BEGIN DATA IN THIS EXERCISE
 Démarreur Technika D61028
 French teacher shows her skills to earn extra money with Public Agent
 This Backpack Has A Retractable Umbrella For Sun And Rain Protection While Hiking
END DATA IN THIS EXERCISE
BEGIN DATA IN THIS EXERCISE
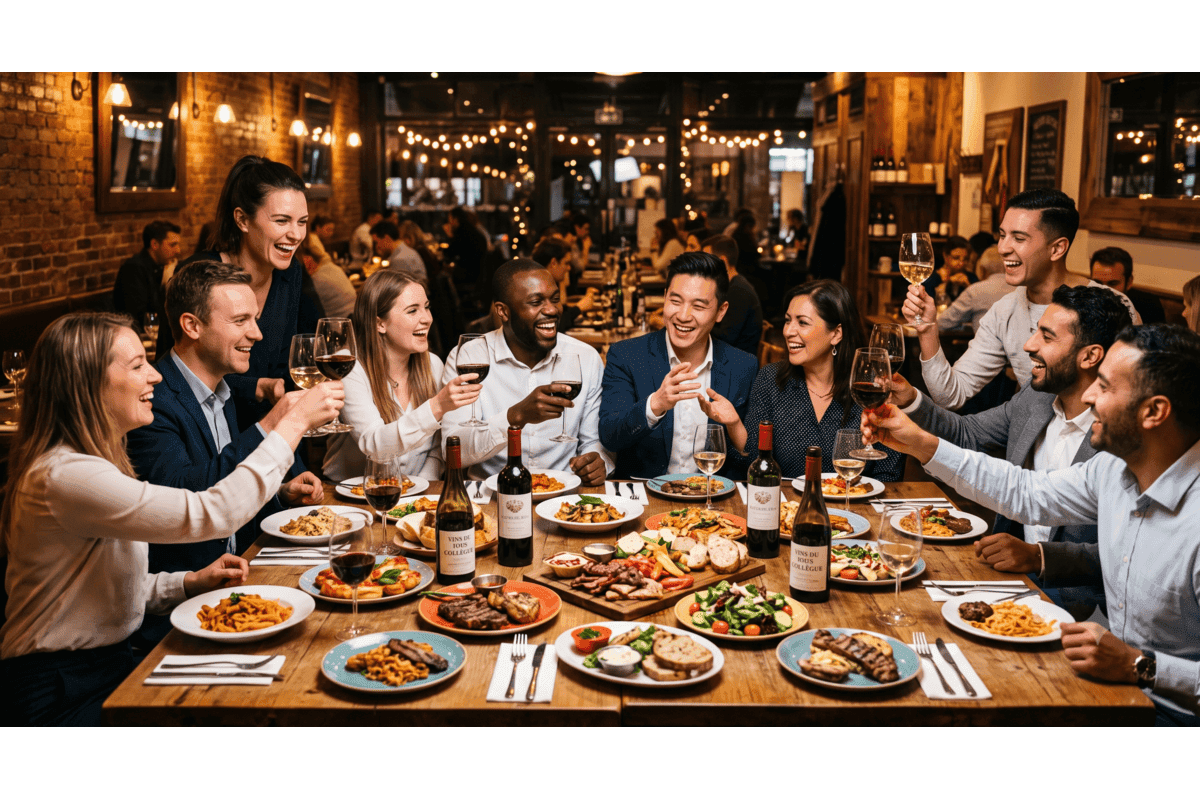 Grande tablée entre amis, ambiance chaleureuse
END DATA IN THIS EXERCISE
BEGIN DATA IN THIS EXERCISE
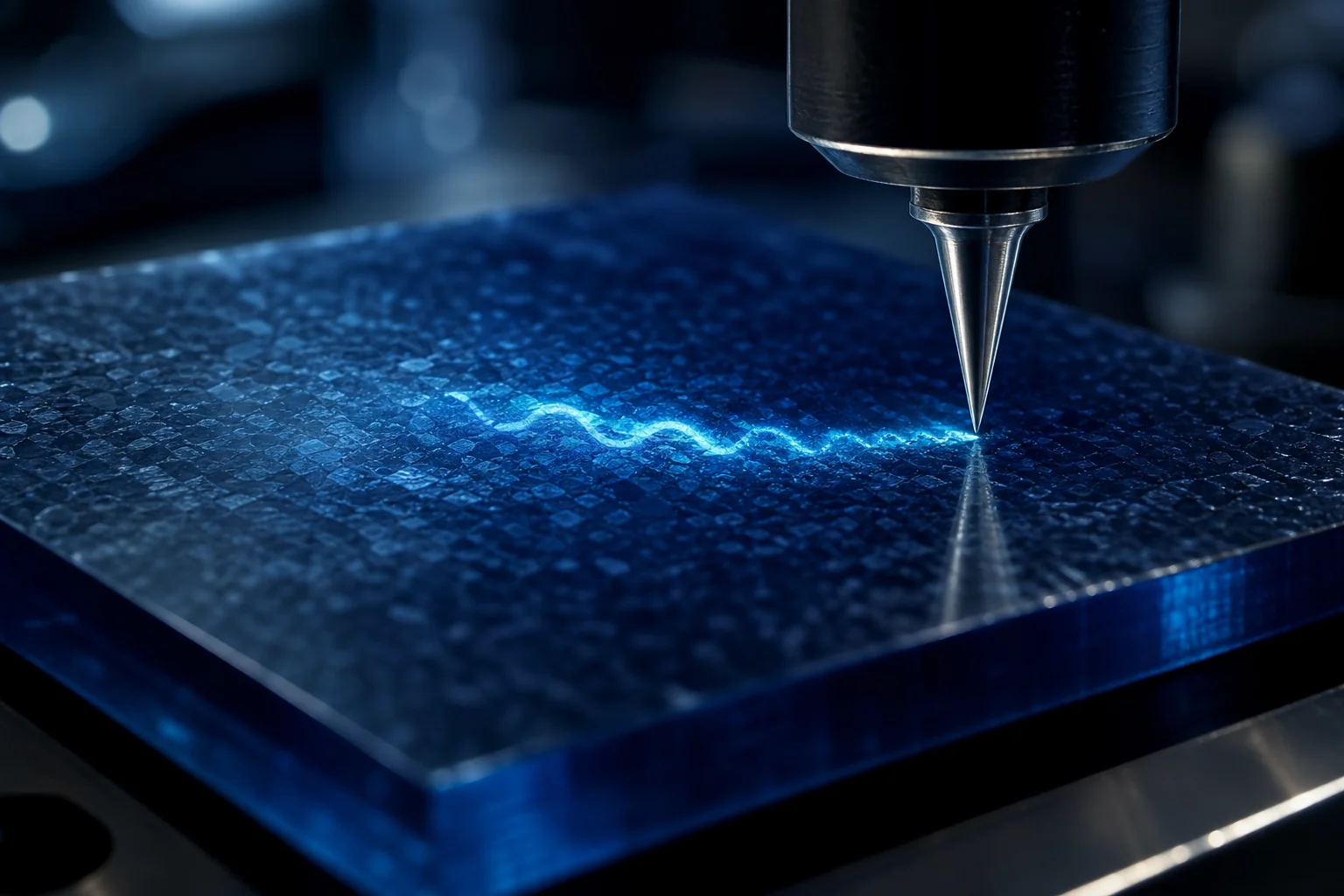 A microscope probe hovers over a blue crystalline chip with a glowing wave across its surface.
END DATA IN THIS EXERCISE
[ABOUT THIS EXERCISE] Once you find the line with "Démarreur Technika D61028" in the entries above, output it and each line after it up to and including the line with "This Backpack Has", and nothing else.

[FINISHED TASK]
 Démarreur Technika D61028
 French teacher shows her skills to earn extra money with Public Agent
 This Backpack Has A Retractable Umbrella For Sun And Rain Protection While Hiking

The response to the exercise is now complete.